Barack Obama's latest unconstitutional action is his attempt to make four so-called recess appointments to high-level, well-paying jobs in the federal bureaucracy when the Senate was not in recess. He appointed three people to the National Labor Relations Board, plus Richard Cordray to head the newly created Consumer Financial Protection Bureau, even though the Senate had declined to confirm his nomination.

Article II gives the president power "by and with the advice and consent of the Senate" to appoint public officials and judges, and also "to fill up all vacancies that may happen during the recess of the Senate." That provision was written to cover the long recesses that were common during the horse-and-buggy days and was certainly not written to enable the president to defy the Senate and appoint persons who the Senate would not confirm.

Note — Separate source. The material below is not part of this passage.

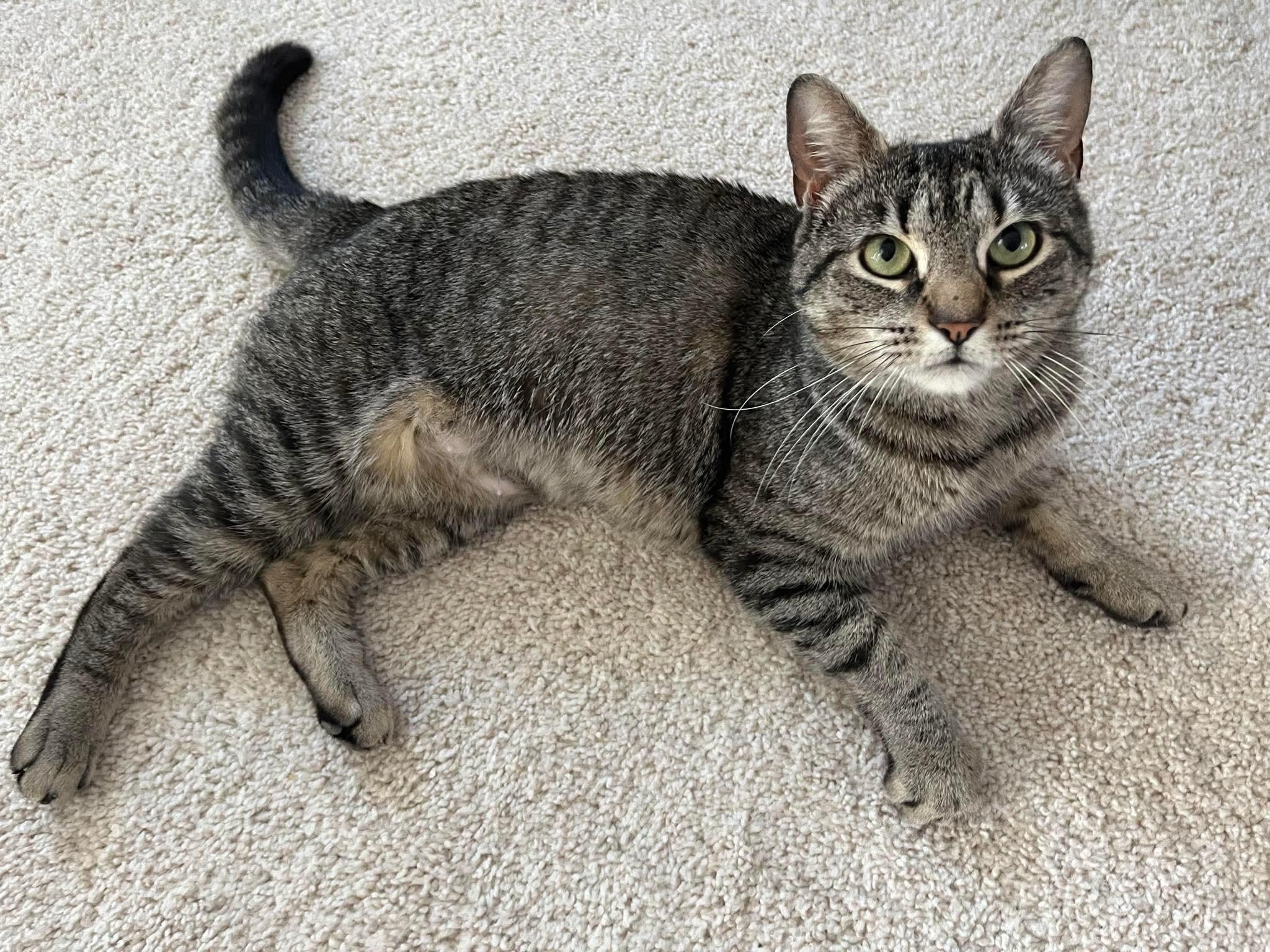 Noelle, a Adoptable Tabby in Westville, NJ image 4/6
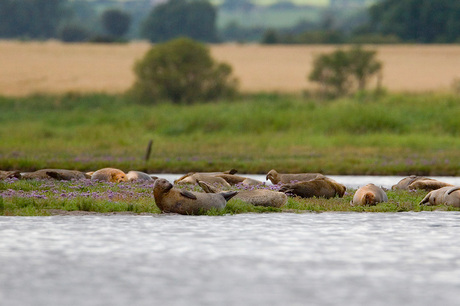 zeehonden in het groen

Obama's action is clearly an attempt to circumvent the U.S. Constitution because the Senate was not in recess when he made these appointments. According to the Constitution, the Senate could not have been in recess when the appointments were made because Article I of the Constitution states that neither House can "adjourn for more than three days without the consent" of the other House, and the House did not consent to a Senate recess.

It seems reasonable that the Senate should have the authority to say whether or not it is in recess. Apparently, [Alleged] President Obama wants to make that a presidential decision.

Obama claims he can call it a recess because the Senate is merely conducting pro forma sessions (i.e., having brief meetings and not doing anything important). In fact, the Senate did pass a bill on Dec. 23 during one of those brief sessions, and the President signed it into law, so it must have been important business.

Even if someone accepts Obama's farfetched argument, that doesn't put him in compliance with the constitutional requirement that the Senate cannot be in recess unless the House has agreed. And the House absolutely did not agree to a recess.

We have a law on the books that requires the attorney general to give the president legal advice on request. Funny thing, Obama won't say whether or not he asked the Justice Department for advice about the constitutional issue before making controversial recess appointments.

The head of the Justice Department's Office of Legal Counsel, Virginia Seitz, issued a statement, dated two days after the appointments were made, that presumes to OK the recess appointments. However, it did not refute the case against the legality of the appointments, and Sen. Chuck Grassley, R-Iowa, says this memo is "unconvincing."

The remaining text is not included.